I disagree about nil as well; I think Go's zero value approach is useful, and basically impossible without nil (it wasn't necessary in my code, but I may want to instantiate an ApiResponse object without a data structure ready to be passed in).
A little bit of a rambly response from me, but, all in all, I think I'll be one of the stubborn ones which refuses to use generics in his code for a long time.
kelnos|5 years ago
> Sounds like Rob Pike doesn't understand type theory.

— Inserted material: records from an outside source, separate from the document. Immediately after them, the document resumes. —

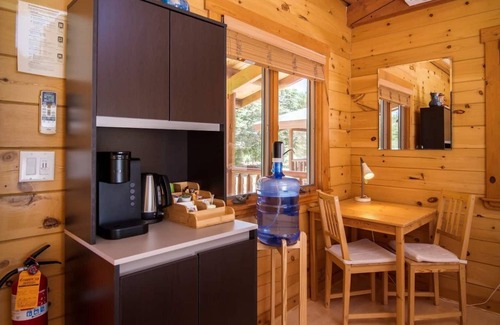 Cornville Cabina | Chrysocolla Cabin: Creekside Harmony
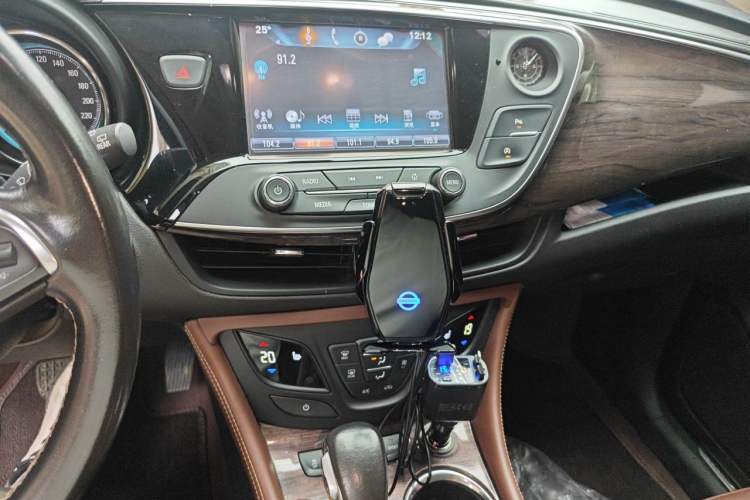 Used Buick Envision 2017 28T Four-Wheel Drive Elite Model Audio And AC Panel
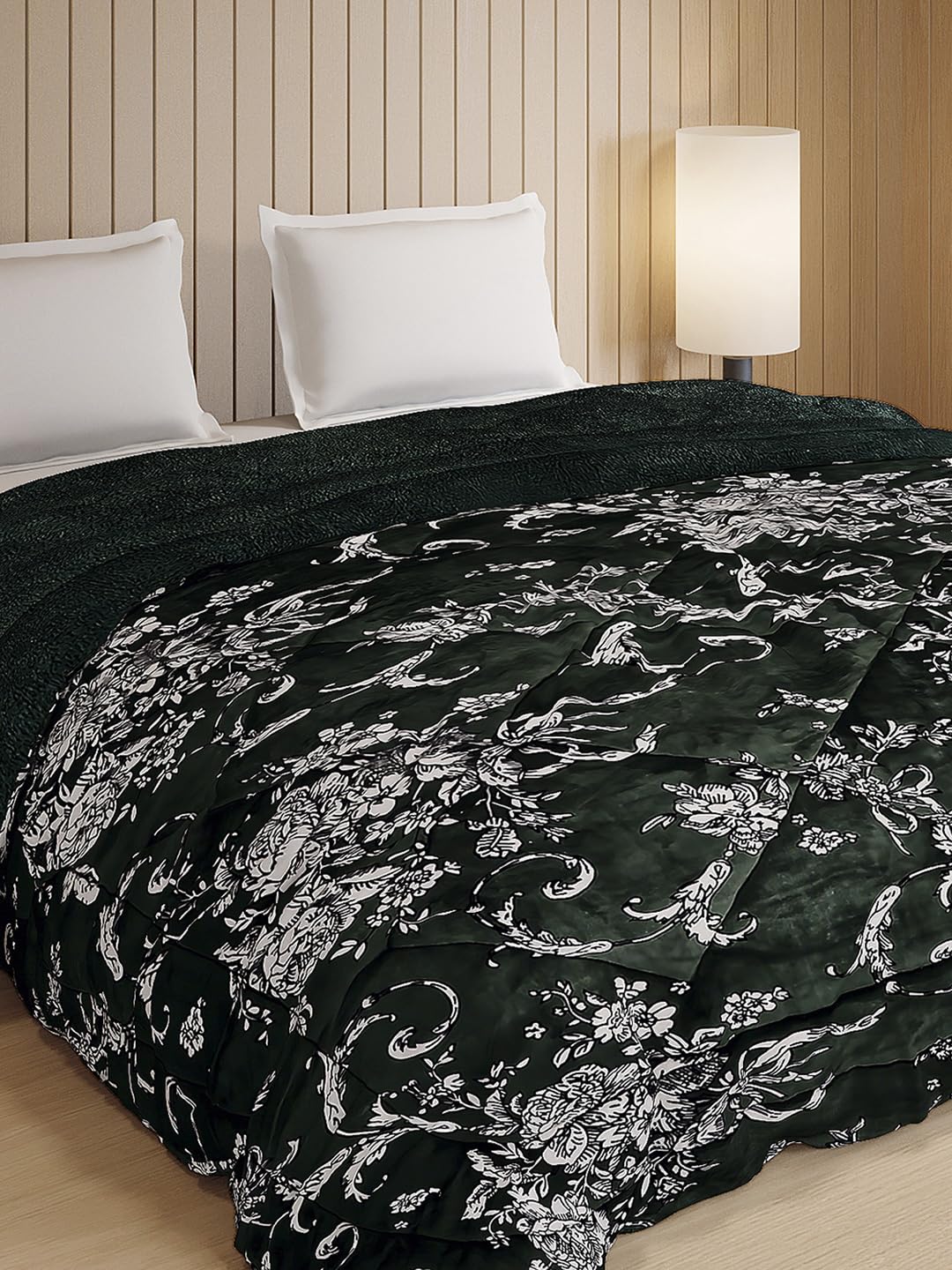 Monte Carlo Double Bed Winter Comforter Nixie 200 GSM 1 Comforter (230 CM X 250 CM) Bottle Green-image-31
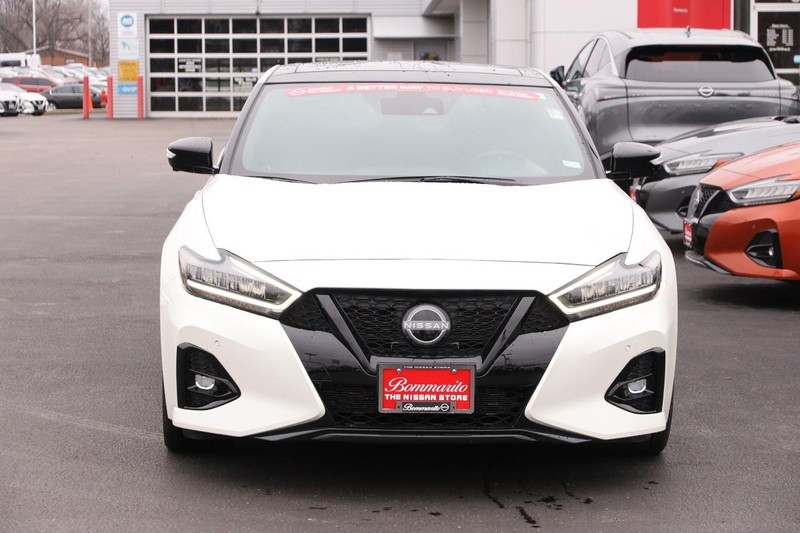 Nissan Maxima Vehicle Image 05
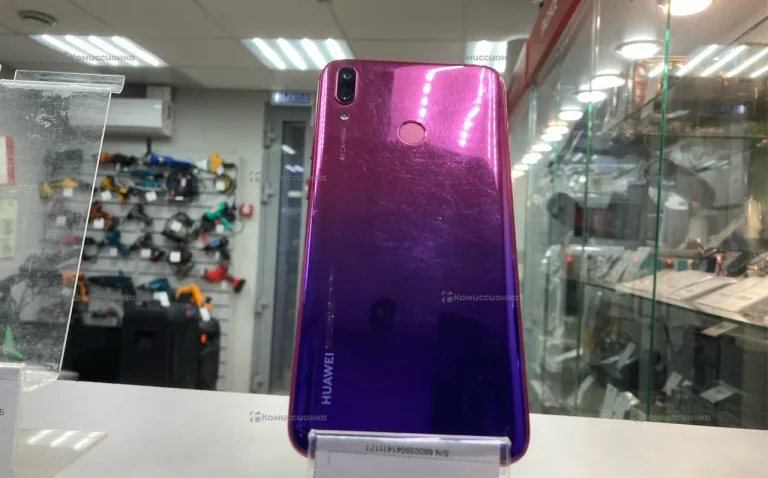 Huawei Y7 (2019) 4/64 ГБ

I'd be a bit more charitable; Pike is a smart dude, I'm sure he does understand type theory, but has decided he'd prefer to write imperative code. And he's actually good at writing imperative code correctly, so for him, that works. But most people are not very good at writing imperative code correctly, at least not the first time, and not without writing a large volume of tests (usually several times as much test code as program code) to verify that imperative code.
Or perhaps Pike was just assuming the person he was talking to was only talking about types in the OOP sense. If that's the case, I agree with him: taxonomies are boring, and inheritance often leads to leaky abstractions.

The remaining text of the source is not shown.